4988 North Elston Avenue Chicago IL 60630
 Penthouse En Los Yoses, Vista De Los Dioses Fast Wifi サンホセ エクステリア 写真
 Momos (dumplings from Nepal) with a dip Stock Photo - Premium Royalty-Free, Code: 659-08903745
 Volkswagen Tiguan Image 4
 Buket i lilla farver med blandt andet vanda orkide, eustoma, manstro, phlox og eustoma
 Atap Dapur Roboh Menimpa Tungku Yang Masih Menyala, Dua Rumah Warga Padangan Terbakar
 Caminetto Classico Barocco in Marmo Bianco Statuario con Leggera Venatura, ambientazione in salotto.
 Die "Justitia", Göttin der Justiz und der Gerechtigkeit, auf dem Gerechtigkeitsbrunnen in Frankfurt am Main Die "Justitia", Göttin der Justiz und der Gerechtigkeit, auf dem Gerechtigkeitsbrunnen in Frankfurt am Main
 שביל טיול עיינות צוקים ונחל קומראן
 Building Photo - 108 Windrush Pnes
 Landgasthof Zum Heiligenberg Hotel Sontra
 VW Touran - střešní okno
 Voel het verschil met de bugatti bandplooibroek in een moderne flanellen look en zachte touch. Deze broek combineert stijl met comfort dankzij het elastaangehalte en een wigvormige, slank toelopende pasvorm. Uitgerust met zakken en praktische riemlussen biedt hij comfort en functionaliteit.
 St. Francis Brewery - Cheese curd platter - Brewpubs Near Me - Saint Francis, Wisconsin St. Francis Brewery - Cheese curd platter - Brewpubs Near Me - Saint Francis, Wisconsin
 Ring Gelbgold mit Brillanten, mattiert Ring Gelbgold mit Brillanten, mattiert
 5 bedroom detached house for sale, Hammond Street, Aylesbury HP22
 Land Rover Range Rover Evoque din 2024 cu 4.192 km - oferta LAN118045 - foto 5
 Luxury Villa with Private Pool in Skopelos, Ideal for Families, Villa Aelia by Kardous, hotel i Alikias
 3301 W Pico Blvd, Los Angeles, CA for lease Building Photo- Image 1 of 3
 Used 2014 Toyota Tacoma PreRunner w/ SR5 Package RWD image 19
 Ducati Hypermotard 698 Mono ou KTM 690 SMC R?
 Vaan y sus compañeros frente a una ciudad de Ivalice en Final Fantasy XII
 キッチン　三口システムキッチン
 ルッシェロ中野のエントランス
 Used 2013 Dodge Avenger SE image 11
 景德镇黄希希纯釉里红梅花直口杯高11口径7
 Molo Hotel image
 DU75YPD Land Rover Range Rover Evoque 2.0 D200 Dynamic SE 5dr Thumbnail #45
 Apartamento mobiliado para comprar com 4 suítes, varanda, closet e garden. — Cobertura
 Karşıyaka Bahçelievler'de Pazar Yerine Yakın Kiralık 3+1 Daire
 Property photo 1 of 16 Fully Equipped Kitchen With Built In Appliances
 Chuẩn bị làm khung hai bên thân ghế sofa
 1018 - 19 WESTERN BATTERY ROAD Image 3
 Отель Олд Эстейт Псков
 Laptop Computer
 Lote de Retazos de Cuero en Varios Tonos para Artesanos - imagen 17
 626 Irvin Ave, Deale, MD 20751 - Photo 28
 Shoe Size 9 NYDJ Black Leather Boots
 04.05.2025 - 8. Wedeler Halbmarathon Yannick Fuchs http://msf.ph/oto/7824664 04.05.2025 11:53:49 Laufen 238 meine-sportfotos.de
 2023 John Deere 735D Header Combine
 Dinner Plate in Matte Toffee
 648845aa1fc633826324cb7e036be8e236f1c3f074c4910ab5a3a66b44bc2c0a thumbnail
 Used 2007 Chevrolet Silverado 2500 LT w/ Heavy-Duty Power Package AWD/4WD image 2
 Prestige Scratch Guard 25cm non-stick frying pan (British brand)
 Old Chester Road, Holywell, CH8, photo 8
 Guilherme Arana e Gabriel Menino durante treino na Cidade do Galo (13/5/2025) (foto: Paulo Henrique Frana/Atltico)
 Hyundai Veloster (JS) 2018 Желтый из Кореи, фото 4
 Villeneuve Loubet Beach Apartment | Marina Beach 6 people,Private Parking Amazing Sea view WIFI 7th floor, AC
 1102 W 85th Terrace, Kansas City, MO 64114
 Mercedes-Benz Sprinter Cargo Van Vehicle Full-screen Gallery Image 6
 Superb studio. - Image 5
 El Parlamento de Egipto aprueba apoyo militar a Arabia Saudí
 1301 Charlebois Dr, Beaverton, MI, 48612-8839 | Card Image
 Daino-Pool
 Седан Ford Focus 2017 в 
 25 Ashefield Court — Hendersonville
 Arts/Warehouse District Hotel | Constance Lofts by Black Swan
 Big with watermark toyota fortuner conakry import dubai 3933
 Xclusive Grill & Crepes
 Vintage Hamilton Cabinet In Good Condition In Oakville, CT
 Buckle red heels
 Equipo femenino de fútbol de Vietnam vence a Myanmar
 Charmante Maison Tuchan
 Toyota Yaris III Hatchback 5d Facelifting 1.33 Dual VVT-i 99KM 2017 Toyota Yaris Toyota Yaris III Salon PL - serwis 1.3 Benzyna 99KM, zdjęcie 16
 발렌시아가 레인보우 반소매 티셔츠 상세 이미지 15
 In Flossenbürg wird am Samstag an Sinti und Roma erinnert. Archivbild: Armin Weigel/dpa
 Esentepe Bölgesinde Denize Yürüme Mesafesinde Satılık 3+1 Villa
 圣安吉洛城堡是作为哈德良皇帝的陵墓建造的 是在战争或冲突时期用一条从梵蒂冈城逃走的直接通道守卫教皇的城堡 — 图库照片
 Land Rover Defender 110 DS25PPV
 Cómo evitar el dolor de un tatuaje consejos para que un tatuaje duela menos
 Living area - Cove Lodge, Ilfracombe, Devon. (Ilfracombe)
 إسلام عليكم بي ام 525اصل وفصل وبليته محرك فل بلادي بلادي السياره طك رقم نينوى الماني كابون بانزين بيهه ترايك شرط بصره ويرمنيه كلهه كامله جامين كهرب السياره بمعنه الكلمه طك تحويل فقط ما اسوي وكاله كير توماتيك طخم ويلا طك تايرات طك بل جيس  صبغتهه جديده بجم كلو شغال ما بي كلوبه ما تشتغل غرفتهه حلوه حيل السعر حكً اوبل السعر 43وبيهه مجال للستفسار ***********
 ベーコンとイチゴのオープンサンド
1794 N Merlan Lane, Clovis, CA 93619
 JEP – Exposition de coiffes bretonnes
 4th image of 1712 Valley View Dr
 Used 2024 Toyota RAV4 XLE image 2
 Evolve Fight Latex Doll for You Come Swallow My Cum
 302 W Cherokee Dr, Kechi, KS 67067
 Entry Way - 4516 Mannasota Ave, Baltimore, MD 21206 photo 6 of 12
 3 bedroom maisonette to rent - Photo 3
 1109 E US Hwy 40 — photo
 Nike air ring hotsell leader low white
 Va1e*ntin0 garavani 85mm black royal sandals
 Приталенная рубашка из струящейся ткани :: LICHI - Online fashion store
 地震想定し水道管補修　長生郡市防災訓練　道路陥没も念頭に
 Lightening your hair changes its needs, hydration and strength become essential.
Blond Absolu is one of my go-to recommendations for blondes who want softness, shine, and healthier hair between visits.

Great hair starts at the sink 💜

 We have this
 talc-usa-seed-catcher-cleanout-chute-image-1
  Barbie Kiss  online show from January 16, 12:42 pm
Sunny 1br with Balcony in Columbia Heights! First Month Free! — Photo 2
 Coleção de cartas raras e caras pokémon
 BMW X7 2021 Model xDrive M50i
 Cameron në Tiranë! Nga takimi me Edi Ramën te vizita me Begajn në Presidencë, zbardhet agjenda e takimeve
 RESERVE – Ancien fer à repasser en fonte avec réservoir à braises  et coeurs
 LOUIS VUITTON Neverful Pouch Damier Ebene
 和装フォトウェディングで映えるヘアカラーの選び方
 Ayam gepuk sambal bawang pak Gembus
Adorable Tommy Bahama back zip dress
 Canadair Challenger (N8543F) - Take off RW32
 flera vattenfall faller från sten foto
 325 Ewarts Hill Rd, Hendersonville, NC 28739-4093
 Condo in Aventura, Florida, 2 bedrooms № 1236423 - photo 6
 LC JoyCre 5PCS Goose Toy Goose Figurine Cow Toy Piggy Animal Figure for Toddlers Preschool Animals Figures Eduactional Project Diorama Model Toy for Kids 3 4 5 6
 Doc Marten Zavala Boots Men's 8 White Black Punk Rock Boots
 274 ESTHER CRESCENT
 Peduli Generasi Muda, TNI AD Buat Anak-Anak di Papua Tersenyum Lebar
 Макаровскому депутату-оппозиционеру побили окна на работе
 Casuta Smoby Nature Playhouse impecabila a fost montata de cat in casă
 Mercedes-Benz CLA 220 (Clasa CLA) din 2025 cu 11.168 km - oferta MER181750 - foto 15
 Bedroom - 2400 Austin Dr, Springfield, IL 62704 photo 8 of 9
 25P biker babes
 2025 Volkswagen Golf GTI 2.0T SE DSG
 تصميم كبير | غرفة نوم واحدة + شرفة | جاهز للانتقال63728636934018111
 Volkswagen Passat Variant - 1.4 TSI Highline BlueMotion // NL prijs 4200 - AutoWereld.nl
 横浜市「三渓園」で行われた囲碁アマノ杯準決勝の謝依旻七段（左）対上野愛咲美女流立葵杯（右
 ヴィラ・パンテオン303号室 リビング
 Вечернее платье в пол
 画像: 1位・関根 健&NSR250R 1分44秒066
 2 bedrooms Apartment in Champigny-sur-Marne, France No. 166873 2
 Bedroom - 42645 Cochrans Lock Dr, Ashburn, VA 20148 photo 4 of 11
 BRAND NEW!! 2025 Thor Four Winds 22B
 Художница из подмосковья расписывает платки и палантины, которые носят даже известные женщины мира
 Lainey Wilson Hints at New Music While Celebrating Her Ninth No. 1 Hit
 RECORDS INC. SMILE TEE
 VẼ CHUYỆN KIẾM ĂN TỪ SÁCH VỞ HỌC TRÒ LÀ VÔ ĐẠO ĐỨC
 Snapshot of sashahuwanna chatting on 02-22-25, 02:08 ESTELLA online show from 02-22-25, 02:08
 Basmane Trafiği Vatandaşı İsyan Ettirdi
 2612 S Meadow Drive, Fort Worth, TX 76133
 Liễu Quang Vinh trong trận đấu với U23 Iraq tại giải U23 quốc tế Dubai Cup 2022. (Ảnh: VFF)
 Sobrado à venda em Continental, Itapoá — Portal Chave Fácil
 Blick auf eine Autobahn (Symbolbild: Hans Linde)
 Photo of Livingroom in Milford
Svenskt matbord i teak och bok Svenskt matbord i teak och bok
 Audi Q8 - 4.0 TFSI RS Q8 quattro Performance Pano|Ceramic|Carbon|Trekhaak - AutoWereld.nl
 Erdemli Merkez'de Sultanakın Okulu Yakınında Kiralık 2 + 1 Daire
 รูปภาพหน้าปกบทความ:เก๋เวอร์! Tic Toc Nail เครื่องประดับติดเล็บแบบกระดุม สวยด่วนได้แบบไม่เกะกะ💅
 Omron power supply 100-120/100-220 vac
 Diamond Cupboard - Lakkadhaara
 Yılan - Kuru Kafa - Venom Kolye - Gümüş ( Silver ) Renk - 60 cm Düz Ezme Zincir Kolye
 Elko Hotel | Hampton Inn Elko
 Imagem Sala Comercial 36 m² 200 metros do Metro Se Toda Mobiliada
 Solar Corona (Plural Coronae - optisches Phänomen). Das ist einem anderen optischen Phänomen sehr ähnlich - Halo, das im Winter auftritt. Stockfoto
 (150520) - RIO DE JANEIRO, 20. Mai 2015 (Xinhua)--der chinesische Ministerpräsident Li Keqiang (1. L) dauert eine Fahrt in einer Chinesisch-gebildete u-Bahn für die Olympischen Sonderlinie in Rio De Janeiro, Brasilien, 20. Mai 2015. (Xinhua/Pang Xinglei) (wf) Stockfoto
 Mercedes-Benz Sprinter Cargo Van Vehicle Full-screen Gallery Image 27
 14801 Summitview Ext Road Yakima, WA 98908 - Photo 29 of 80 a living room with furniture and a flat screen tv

== ACTIVITY ==
Wherever the word "from" appears in the data, return the whole line.

== EXPECTED OUTPUT ==
 Momos (dumplings from Nepal) with a dip Stock Photo - Premium Royalty-Free, Code: 659-08903745
  Barbie Kiss  online show from January 16, 12:42 pm
 Snapshot of sashahuwanna chatting on 02-22-25, 02:08 ESTELLA online show from 02-22-25, 02:08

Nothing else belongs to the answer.